*** Opening of Material to process ***

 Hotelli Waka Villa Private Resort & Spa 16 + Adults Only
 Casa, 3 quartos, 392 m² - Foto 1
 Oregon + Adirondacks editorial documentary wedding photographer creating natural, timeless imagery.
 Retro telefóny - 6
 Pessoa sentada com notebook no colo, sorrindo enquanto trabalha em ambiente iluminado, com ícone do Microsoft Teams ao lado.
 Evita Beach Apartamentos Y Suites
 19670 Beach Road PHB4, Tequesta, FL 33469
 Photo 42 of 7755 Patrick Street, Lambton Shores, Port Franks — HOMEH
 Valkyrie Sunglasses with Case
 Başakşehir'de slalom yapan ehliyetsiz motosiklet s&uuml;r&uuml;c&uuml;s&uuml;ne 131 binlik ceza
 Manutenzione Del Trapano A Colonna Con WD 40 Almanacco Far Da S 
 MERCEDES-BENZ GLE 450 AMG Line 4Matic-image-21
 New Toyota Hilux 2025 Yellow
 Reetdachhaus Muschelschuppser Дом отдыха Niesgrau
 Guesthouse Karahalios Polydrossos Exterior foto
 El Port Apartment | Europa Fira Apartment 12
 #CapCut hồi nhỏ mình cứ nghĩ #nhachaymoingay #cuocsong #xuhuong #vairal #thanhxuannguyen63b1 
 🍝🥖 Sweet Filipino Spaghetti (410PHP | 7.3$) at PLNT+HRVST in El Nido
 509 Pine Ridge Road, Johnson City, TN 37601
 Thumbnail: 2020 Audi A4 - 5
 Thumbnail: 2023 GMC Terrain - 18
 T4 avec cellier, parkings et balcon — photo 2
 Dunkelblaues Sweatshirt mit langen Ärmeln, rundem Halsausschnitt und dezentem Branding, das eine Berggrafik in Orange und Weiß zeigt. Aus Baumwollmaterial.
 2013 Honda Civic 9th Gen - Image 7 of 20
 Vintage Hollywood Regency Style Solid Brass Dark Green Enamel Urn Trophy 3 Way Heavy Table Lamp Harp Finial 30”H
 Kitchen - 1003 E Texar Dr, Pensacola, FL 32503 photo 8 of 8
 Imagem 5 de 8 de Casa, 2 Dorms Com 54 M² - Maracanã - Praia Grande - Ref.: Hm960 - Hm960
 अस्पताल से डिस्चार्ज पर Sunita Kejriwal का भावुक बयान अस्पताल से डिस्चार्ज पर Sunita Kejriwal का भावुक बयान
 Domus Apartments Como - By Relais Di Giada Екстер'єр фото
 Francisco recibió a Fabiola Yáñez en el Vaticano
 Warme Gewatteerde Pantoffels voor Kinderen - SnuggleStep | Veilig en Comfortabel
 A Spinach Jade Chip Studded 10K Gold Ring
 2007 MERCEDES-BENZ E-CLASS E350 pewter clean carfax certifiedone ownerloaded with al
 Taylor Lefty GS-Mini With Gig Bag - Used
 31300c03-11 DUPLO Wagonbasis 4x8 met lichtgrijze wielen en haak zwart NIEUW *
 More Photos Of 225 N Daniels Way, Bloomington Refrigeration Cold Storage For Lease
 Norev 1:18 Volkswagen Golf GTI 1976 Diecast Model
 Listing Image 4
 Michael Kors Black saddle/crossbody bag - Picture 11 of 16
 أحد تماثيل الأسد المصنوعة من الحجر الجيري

*** Close of Material to process ***

What is expected: All of the records above are to be repeated exactly.

Result for this task:
 Hotelli Waka Villa Private Resort & Spa 16 + Adults Only
 Casa, 3 quartos, 392 m² - Foto 1
 Oregon + Adirondacks editorial documentary wedding photographer creating natural, timeless imagery.
 Retro telefóny - 6
 Pessoa sentada com notebook no colo, sorrindo enquanto trabalha em ambiente iluminado, com ícone do Microsoft Teams ao lado.
 Evita Beach Apartamentos Y Suites
 19670 Beach Road PHB4, Tequesta, FL 33469
 Photo 42 of 7755 Patrick Street, Lambton Shores, Port Franks — HOMEH
 Valkyrie Sunglasses with Case
 Başakşehir'de slalom yapan ehliyetsiz motosiklet s&uuml;r&uuml;c&uuml;s&uuml;ne 131 binlik ceza
 Manutenzione Del Trapano A Colonna Con WD 40 Almanacco Far Da S 
 MERCEDES-BENZ GLE 450 AMG Line 4Matic-image-21
 New Toyota Hilux 2025 Yellow
 Reetdachhaus Muschelschuppser Дом отдыха Niesgrau
 Guesthouse Karahalios Polydrossos Exterior foto
 El Port Apartment | Europa Fira Apartment 12
 #CapCut hồi nhỏ mình cứ nghĩ #nhachaymoingay #cuocsong #xuhuong #vairal #thanhxuannguyen63b1 
 🍝🥖 Sweet Filipino Spaghetti (410PHP | 7.3$) at PLNT+HRVST in El Nido
 509 Pine Ridge Road, Johnson City, TN 37601
 Thumbnail: 2020 Audi A4 - 5
 Thumbnail: 2023 GMC Terrain - 18
 T4 avec cellier, parkings et balcon — photo 2
 Dunkelblaues Sweatshirt mit langen Ärmeln, rundem Halsausschnitt und dezentem Branding, das eine Berggrafik in Orange und Weiß zeigt. Aus Baumwollmaterial.
 2013 Honda Civic 9th Gen - Image 7 of 20
 Vintage Hollywood Regency Style Solid Brass Dark Green Enamel Urn Trophy 3 Way Heavy Table Lamp Harp Finial 30”H
 Kitchen - 1003 E Texar Dr, Pensacola, FL 32503 photo 8 of 8
 Imagem 5 de 8 de Casa, 2 Dorms Com 54 M² - Maracanã - Praia Grande - Ref.: Hm960 - Hm960
 अस्पताल से डिस्चार्ज पर Sunita Kejriwal का भावुक बयान अस्पताल से डिस्चार्ज पर Sunita Kejriwal का भावुक बयान
 Domus Apartments Como - By Relais Di Giada Екстер'єр фото
 Francisco recibió a Fabiola Yáñez en el Vaticano
 Warme Gewatteerde Pantoffels voor Kinderen - SnuggleStep | Veilig en Comfortabel
 A Spinach Jade Chip Studded 10K Gold Ring
 2007 MERCEDES-BENZ E-CLASS E350 pewter clean carfax certifiedone ownerloaded with al
 Taylor Lefty GS-Mini With Gig Bag - Used
 31300c03-11 DUPLO Wagonbasis 4x8 met lichtgrijze wielen en haak zwart NIEUW *
 More Photos Of 225 N Daniels Way, Bloomington Refrigeration Cold Storage For Lease
 Norev 1:18 Volkswagen Golf GTI 1976 Diecast Model
 Listing Image 4
 Michael Kors Black saddle/crossbody bag - Picture 11 of 16
 أحد تماثيل الأسد المصنوعة من الحجر الجيري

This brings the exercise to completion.